Hacker News new | ask | show | jobs
by _bxg1 2899 days ago
AOSP's position is nothing like that of Linux. For years now it's been held hostage by a mega-corporation that doesn't really want it to be open-source any more. Google didn't buy and build Android and then make it free out of idealism, they did it so Apple couldn't become a monopoly and lock Google search out of mobile. Now they've more than accomplished that, and if they had their way it would already be proprietary.

Probably what Pichai is talking about is charging a fee for Google Play Services, not AOSP. Although if they did decide to proprietize all future development work on AOSP, it would be interesting to see how the community would respond. It's possible we'd see a major fork and a revitalization of community work a la Linux, instead of the little garage forks we mostly have today.

1 comments

Google is already well in the process of making everything they can proprietary. Browser, Calendar, Camera, Dialer, Gallery, Music Player, SMS and probably more - all left to basically bitrot in AOSP while Google pushes proprietary replacements as part of the gapps bundle loaded onto OEM phones.
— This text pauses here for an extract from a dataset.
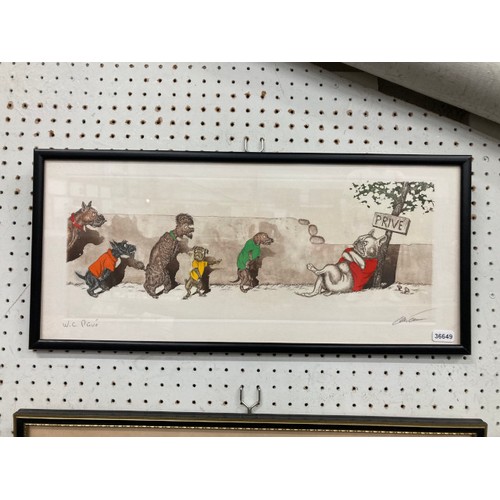 354 - 3 framed signed Boris O'Klein (1893-1985) 'Dirty Dogs Of Paris' coloured etchings, 'Each In Turn', '... 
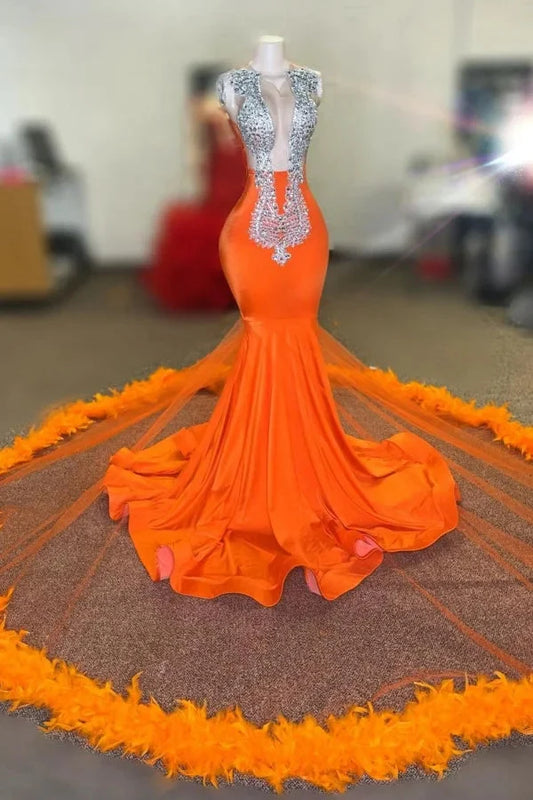 Gorgeous Orange Mermaid Evening Dress Sleeveless With Feather Crystal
The core of Android may be open source, but between so many API's being shoved into Google Play Services and AOSP apps being all but abandoned the writing is on the wall.

Exactly. They actually go one step further than that with the Google Services API's. Things like notifications and location can now go through the proprietary API's instead of the system ones, with special perks. This means that if you don't have Google Services, then even if you get your hands on a third-party APK without using the Play Store (hard enough as it is), things will sometimes just randomly break because API's are missing.